WHAT TO DO: No pictures belong in the copy. Restate the rest of the data exactly.

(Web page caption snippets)

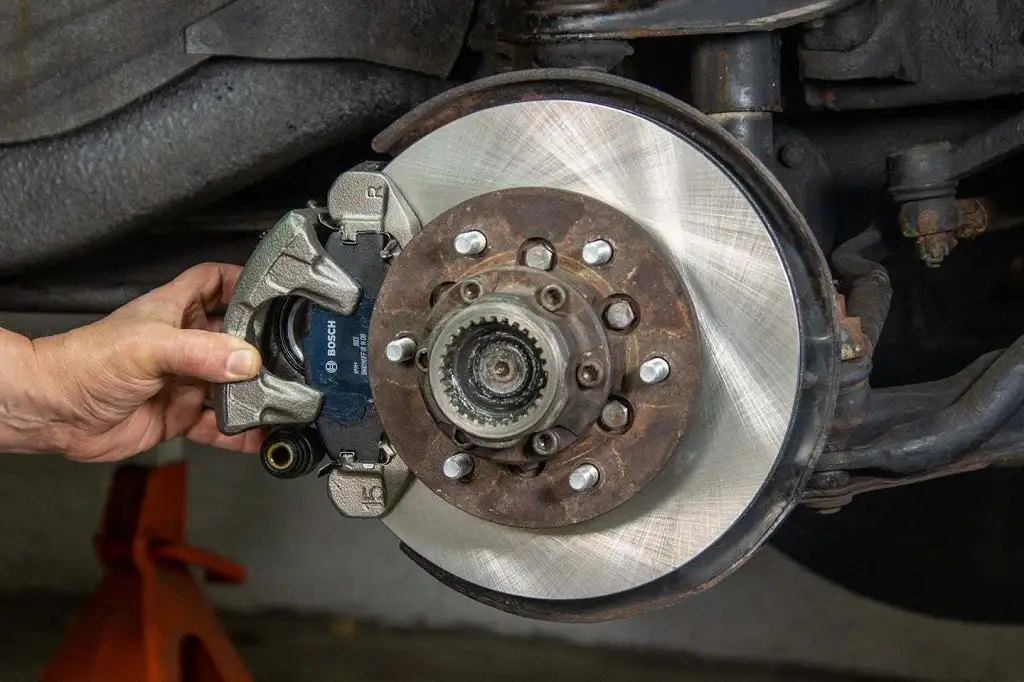 Má phanh định kỳ sau mỗi 50.000 - 80.000km hoặc sau 2 năm sử dụng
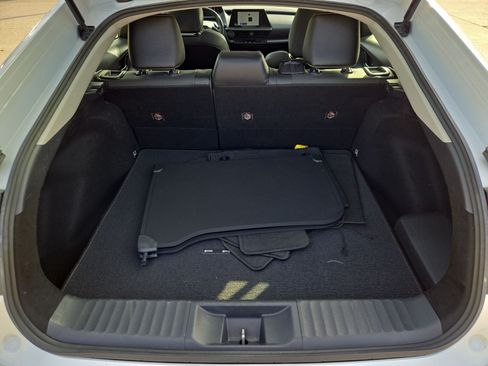 Used 2024 Toyota Prius XLE FWD image 30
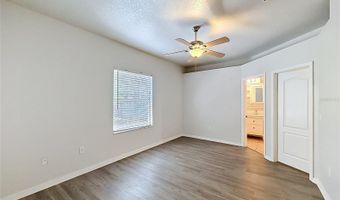 6932 MONARCH PARK Dr, Apollo Beach, FL 33572
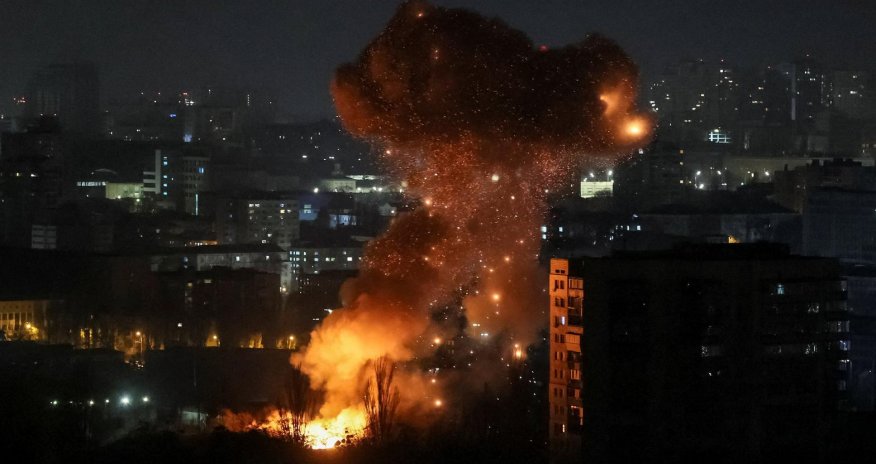 РФ массированно атакует Украину дронами и ракетами: есть раненые и разрушения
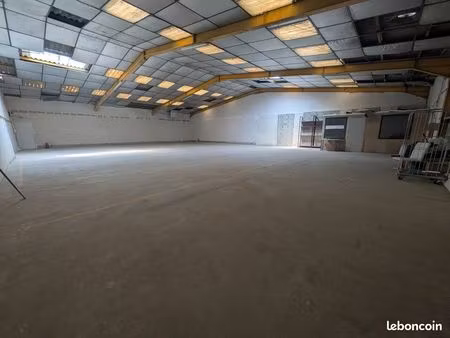 local d'activite 388 m² val-de-reuil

ANSWER SPACE:
 Má phanh định kỳ sau mỗi 50.000 - 80.000km hoặc sau 2 năm sử dụng
 Used 2024 Toyota Prius XLE FWD image 30
 6932 MONARCH PARK Dr, Apollo Beach, FL 33572
 РФ массированно атакует Украину дронами и ракетами: есть раненые и разрушения
 local d'activite 388 m² val-de-reuil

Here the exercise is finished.